Clouds. Peter Dickson: "Over the years, The X Factor has auditioned people from every walk of life." Translucent images of Leona, JLS, The Claw, Alexandra BURKE, Olly fucking MURS, Mawliddle Joe McElderry, floating through the clouds. Er, are they all dead? Did I miss a major news story? No, apparently we're just getting a rhetoric-filled intro VT, showing us how these people turned their dreams into reality. Not that there's anything wrong with that, but it seems a slightly odd way to start episode four. I'm guessing this episode came in a little short of its agreed running time. Peter Dickson reminds us that past contestants are currently dominating the charts, with Olly's dreadful single currently at number one, and Alexandra's also-dreadful new single set to replace it this weekend, and others one step closer to achieving that goal (quickfire shots of people who've already been put through this year, including Honking Racket Cher, The Lazy Decorator, Hatey, Gamu and a bunch of others who've already faded from my memory), the auditions hit London (again?) and Cardiff, with guest judge Pixie Lott sitting in for Dannii at the latter. Some people will be good! Some people will not! It's time. Y'know, to face the music. And then we're treated to a preview of Louis being outraged at Pixie rejecting someone, and Pixie sitting there, chewing her fingernails and staring into space, as though someone's just asked her what "vapid" means.

I spy a red dragon on a flag, ergo we must be in Beautiful Cardiff. Wales is a nation of singers, Dermot tells us, though I'm sure most of the ones with any ability will have had the good sense to steer well clear of this show. A Welsh lad claims he'll be the first Welsh winner of the show. I bet you ten quid we never see him again. The judges arrive: Simon, Louis, a not-dead-yet Cheryl, and "one of the UK's hottest new popstars", Pixie Lott, who despite being a mere 18 years old, has had five top 20 hits, three Brit nominations, and a double-platinum selling album. And yet still, Geri Halliwell continues to have outsold all these bitches. Pixie walks into her dressing room. She's chewing on her nails, just like we saw in the teaser. Is nail-chewing going to be tonight's leitmotif? Am I going to end up mailing her 20 bottles of Stop 'n' Grow before we hit the second ad break?

The appeal of sitting in the audience during the audition process for this show continues to elude me, and yet the great British public file in in their thousands to watch the spectacle, while Pixie gets acquainted with the regular judges backstage - except for Cheryl, who is instead wandering the corridor telling us she's got a good feeling about today. Louis tells Pixie that they always get somebody in Cardiff; in fact, they got two people last year. Those two people, by the way? Lucie Jones and Lloyd Daniels. So, totally worth it, then. [West End Leading Lady Lucie Jones, to be fair. - Carrie]

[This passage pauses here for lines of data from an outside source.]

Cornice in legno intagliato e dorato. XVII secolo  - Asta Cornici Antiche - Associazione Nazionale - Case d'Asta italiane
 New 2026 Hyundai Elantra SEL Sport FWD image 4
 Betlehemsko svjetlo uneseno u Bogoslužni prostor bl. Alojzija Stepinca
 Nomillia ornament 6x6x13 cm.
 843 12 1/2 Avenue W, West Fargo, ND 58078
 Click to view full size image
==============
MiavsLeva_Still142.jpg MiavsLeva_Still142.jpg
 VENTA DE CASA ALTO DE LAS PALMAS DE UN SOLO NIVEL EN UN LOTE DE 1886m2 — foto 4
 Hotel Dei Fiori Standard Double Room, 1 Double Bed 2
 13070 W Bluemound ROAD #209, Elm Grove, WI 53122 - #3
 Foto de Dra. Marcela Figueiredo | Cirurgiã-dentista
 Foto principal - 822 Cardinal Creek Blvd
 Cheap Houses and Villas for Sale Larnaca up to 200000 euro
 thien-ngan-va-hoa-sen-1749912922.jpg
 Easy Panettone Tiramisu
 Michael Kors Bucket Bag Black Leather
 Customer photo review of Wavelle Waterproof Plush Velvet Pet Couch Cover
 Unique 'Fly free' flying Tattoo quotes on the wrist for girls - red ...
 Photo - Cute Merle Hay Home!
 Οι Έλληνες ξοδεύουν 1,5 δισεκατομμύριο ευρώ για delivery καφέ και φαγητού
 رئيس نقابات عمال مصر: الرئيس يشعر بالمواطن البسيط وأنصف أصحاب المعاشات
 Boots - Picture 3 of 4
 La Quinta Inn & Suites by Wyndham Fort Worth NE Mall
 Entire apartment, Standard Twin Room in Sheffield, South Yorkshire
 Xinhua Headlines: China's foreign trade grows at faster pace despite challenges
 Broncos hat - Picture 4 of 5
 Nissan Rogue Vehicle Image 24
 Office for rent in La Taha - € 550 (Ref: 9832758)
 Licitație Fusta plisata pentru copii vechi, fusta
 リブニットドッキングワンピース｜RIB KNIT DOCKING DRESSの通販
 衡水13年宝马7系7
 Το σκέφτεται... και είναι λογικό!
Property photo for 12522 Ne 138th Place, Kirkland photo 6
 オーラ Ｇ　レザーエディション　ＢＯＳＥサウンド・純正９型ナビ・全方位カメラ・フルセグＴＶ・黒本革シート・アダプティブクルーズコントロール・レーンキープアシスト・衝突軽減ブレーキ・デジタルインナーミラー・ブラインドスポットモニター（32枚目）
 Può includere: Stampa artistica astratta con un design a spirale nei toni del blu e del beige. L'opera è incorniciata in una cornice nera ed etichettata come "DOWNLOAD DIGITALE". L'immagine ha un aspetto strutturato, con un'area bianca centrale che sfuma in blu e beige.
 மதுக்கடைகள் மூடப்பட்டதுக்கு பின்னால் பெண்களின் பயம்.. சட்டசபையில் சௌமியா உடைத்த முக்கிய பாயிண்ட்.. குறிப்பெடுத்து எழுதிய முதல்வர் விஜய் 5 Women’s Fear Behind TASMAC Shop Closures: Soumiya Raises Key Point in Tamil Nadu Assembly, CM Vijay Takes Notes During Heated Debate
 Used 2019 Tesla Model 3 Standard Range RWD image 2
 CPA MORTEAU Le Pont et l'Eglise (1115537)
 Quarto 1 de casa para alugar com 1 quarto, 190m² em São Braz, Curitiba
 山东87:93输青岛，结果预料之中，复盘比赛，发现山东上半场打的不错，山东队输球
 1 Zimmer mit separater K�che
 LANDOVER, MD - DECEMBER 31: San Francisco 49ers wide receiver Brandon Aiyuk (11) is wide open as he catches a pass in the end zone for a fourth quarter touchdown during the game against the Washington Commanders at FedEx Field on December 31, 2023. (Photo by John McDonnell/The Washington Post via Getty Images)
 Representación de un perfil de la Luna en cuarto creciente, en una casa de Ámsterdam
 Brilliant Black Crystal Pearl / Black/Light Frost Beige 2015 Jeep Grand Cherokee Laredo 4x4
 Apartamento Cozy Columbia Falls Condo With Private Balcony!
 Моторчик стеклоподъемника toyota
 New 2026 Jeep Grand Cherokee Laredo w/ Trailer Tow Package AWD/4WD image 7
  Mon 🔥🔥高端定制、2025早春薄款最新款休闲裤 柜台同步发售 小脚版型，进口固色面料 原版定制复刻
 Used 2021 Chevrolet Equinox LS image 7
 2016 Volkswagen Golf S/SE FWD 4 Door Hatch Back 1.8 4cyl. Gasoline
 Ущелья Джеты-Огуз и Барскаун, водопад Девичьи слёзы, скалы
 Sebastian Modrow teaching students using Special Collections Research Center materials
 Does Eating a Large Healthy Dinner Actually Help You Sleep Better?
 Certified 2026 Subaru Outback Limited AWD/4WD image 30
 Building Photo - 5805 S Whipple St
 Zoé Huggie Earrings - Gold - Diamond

Our first auditionee of the day, Kash Dholliwar, saunters up to the counter, and introduces himself. He's 21, and a sales executive for T-Mobile. He drives a white BMW convertible, wears sunglasses indoors, and is apparently some sort of part-time model. This is all reality TV shorthand for "loves himself", of course, though to his credit he acknowledges that he will need to "deliver with the voice too". Kash high-fives his entourage backstage, and tells us that he's the sort of person who makes things happen. He heads out onto the stage, and is greeted by Pixie. He prefaces his audition performance by saying "let's make some music". Oh dear. He'll be singing Ne-Yo's 'Closer' and, as we all suspected, he's not good at all. Nasal, weak, whiny, all the usual stuff. Backstage, his mates have the decently to look faintly embarrassed. Conveniently, just as he's at the "I just can't stop" part of the chorus, Simon signals for the music to cease.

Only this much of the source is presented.